The Four Corners Potato: Indigenous Subsistence and Agricultural Legacy on the Colorado Plateau
The final 2025-2026 Indigenous Learning Forum will take place May 7, 2026 at 3:00 p.m. ET on Zoom. This talk will be given in English with Spanish translation.
Se ofrecerá interpretación en español/inglés.
This event is open to all but registration is required.
Cynthia Wilson is a PhD Candidate at the University of California - Berkeley in Environmental Science, Policy, and Management. She is Diné from the Navajo Nation, studying Indigenous Environmental Science related to the restoration of traditional agricultural practices and land conservation. Since 2016, she has helped lead the cutting-edge of Indigenous land conservation and public land advocacy as a grassroots organizer, securing 1.35 million acres of the Bears Ears National Monument at the request of five tribes (Hopi Tribe, Navajo Nation, Ute Mountain Ute, Zuni Tribe, and Ute Indian Tribe).
Alastair Lee Bitsóí is a senior narrative strategist, former journalist, and Diné land-based practitioner from Naschitti, Navajo Nation, whose work spans Indigenous governance, storytelling, and food sovereignty. His reporting has focused on policy, infrastructure, water access, climate, and community impact across the Colorado Plateau. He cultivates the Four Corners Potatoes as part of a broader commitment to Indigenous subsistence, agricultural legacy, and land-based knowledge systems, grounding his work in both practice and narrative.

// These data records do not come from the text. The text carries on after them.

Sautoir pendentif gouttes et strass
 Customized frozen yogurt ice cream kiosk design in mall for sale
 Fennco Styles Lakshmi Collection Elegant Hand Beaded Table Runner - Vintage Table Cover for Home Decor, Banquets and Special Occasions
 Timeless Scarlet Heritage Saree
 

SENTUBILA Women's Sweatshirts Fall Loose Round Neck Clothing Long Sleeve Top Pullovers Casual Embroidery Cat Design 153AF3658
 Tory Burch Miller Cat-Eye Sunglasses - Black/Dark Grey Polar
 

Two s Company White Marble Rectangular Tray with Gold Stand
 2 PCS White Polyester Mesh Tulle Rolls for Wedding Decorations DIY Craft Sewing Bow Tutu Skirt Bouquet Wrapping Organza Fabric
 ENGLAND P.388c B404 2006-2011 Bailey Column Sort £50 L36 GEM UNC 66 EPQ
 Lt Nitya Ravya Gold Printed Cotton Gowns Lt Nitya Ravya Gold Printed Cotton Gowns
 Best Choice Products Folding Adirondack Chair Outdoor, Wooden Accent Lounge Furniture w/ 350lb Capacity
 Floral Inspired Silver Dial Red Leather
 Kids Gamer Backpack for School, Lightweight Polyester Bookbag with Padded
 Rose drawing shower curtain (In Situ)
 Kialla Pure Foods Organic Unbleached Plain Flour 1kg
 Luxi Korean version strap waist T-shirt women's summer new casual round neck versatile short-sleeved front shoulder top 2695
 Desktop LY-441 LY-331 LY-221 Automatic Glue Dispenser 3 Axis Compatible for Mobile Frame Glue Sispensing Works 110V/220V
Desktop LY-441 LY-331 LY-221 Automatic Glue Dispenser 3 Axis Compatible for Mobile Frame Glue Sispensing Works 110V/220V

The Four Corners Potato (Solanum Jamesii), a 10,900-year-old native potato, is strongly associated with the archaeological complexity and ecological diversity of the Bears Ears region on the Colorado Plateau. The ecological legacy of past human behavior in subsistence lifeways significantly increases ethnographic species richness. Ethnographic accounts of S. Jamesii from Indigenous peoples provide evidence of use and long-distance transport throughout the Colorado Plateau. Ensuring persistence requires tribal input to conserve and restore archeo-ecosystems containing "high priority" plant species such as S. Jamesii. This transdisciplinary approach has important implications for resource management planning, especially in areas such as the contested Bears Ears National Monument.